Item, wer sich der Trunckenheyt hingibt und im Rausch eine Miszethat begeht und eine Strafe verwircken wuerd, der ist der unmaeszigen Trunckenheyt fuer schuldig zu befinden und soll mit Auspeitschen von wenigstens sieben Hieben bestrafet werden, je danach wie schwer die andere Tat wieget. Hernach soll er fuer vier Tag an Pranger gestellt werden. Die Straf fuer die andere Tat soll nur mit einem erhoehten Wergeld belegt werden.

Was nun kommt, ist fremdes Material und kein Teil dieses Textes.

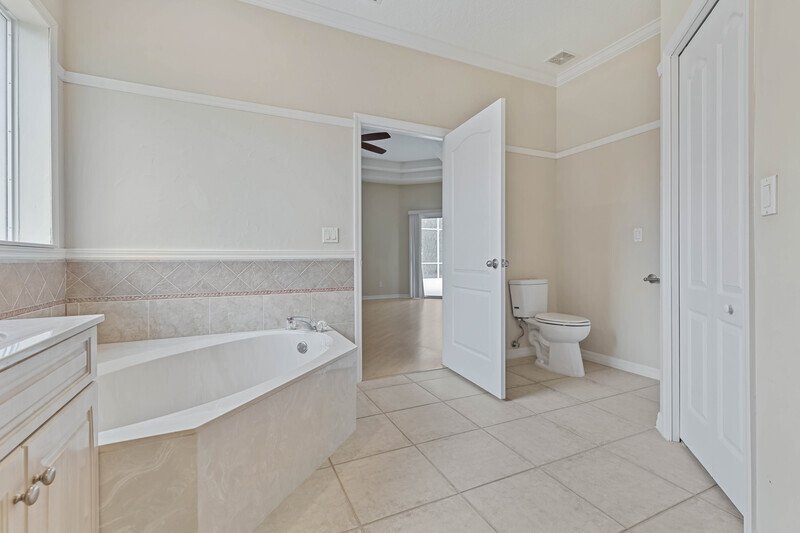 SPACIOUS POOL HOME 4/2/2 IN DESIRABLE INDIAN TRAILS property image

Art. V. Vom schadhaften Wircken von Magie, verbotene Hexerey und anderer Zauberkunst

I. Item, solcherart Miszethaeter, welcher absichtlich und zum Schaden eines anderen Magie, Hexerey oder Zauberkunst nutztet, um in explicio eine andere Miszethat hierdurch zu begehen, zu erleichtern oder zu verschleiern, ist des schadhaften Wirckens von Magie fuer schuldig zu befinden und soll darob auf dem Scheiterhaufen verbrannt werden, es sey denn dasz er eine Concessio der Academia Clavis Mundi Grenzbrueckensis innehat, solcherart zu tun und zu handeln oder dasz er eine Noththat begehet. Seyn Hab und Gut oder sonstiges Vermoegen faellt hernach im uebrigen der Academia Clavis Mundi an.

II. Item, solcherart Miszethaeter, welcher nicht an der Hohen Academia Clavis Mundi Grenzbrueckensis inscribiert iszet und sich hierob der schwarzmagischen Zauberey, der Daemonologia oder Necromantia verschrieben hat, ist der verbotenen Hexerey fuer schuldig zu befinden und soll darob auf dem Scheiterhaufen verbrannt werden. Seyn Hab und Gut oder sonstiges Vermoegen faellt hernach im uebrigen der Krone an.

III. Solcherart mag das Wircken und die Anwendung anderer Art und Weysen der Zauberkuenste als solch schadhafte Magie oder verbotene Hexerey mit Concessio der Academia Clavis Mundi erlaubt werden. Solcherart im Corpus Iuris Academia Clavis Mundi Grenzbrueckensis geregelt. Wer hierob jedoch ohne eine solche Concessio handelt, verwirckt eine Geldbusze und ein Wergeld gegenueber der Academia Clavis Mundi. Laeszt sich der Miszethaeter hiervon nicht schrecken und handelt abermals so wie im vorhinein beschrieben, soll er vier Tag am Pranger bueszen und fuer rechtlos erklaert werden. Er faellt ferner in Schuldknechtschaft der Academia Clavis Mundi.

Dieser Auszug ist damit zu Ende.